Answers come in unexpected places. The other day I was reading K&D's commentary on Isaiah 58 and was absolutely floored and enlightened by their words. The discussion began at vs 13 "If because of the sabbath, you turn your foot from doing your own pleasure on My holy day, and call the sabbath a delight, the holy day of the Lord honorable, and shall honor it, desisting from your own ways, from seeking your own pleasure and speaking your own word, (14) then you will take delight in the Lord, and I will make you ride on the heights of the earth; and I will feed you with the heritage of Jacob your father, for the mouth of the Lord has spoken."
Here, slightly abridged by my own discretion and emphases of my own added, are K&D's thoughts:
The third part of the prophecy now adds to the duties of human love the duty of keeping the Sabbath, for the service of works is sanctified by the service of worship. The duty of keeping the Sabbath is also enforced by Jeremiah (17:19ff) and Ezekiel (20:12ff; 22:8,26), and the neglect of this duty severely condemned. The Sabbath, above all other institutions appointed by law, was the true means of uniting and sustaining Israel as a religious community, more especially in exile, where a great part of the worship necessarily fell into abeyance on account of its intimate connection with Jerusalem and the holy land; but while it was a Mosaic institution so far as its legal appointments were concerned, it rested, in a way which reached even beyond the rite of circumcision, upon a basis much older than that of the law, being a ceremonial copy of the Sabbath of creation, which was the divine rest established by God as the true object of all motion; for God entered into Himself again after He had created the world out of Himself, that all created things might enter into Him. In order that this, the great end set before all creation, and especially before mankind, viz., entrance into the rest of God, might be secured, the keeping of the Sabbath prescribed by the law was a divine method of education, which put an end every week to the ordinary avocations of the people, with their secular influence and their tendency to fix the mind of outward things, and was designed by the strict prohibition of all work to force them to enter into themselves and occupy their minds with God and His word. The prophet does not hedge round this commandment to keep the Sabbath with any new precepts, but merely demands for its observance full truth answering to the spirit of the letter.

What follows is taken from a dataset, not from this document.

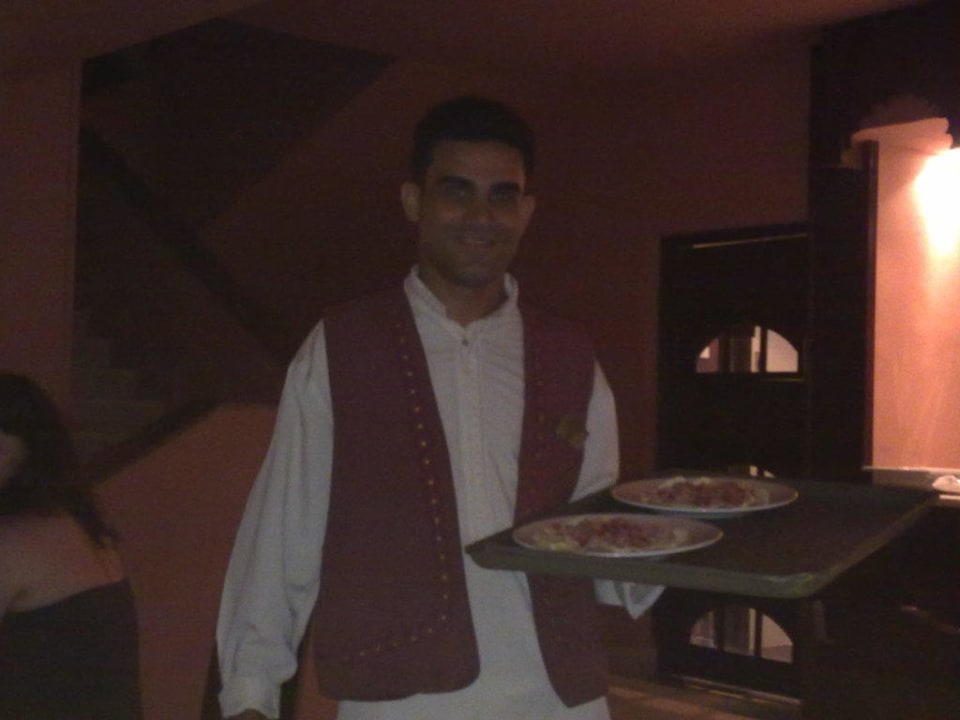 Kellner Ali im indischen Restaurant Stella Beach Resort & Spa Makadi Bay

Again, if you call (i.e. from inward contemplation and esteem) the Sabbath a pleasure (because it leads you to God, and not a burden because it leads you away from your everyday life; cf Amos 8:5) and the holy one of Jehovah honorable...then, just as the Sabbath is your pleasure, so will you have your pleasure in Jehovah, i.e. enjoy His delightful fellowship and He will reward you for your renunciation of earthly advantages with a victorious reign, with an unapproachable possession of the high places of the land - i.e., chiefly, though not exclusively, of the promised land - and with the free and undisputed usufruct of the inheritance promised to your forefather Jacob, - this will be your glorious reward.
I am a visual thinker and the picture they paint of God entering into Himself after He had created the world out of Himself and His desire to draw all men into Himself...well, that picture of the Sabbath was an entirely new one for me. And I must say a convincing one. How well I know that unless one periodically ceases from the active pursuit of daily outward things one will rarely "enter into themselves and occupy their minds with God and His word."
I'm not advocating a strict adherence to the outward form of keeping the Sabbath. But I see for myself the need to plan in periods of conscious ceasing/fasting from daily outward things to occupying my heart with God and drawing into His rest.
I could never hope to say it as well as K&D but if I had to write that paper, at least now I think I'd have a few more millimeters of depth to my answer.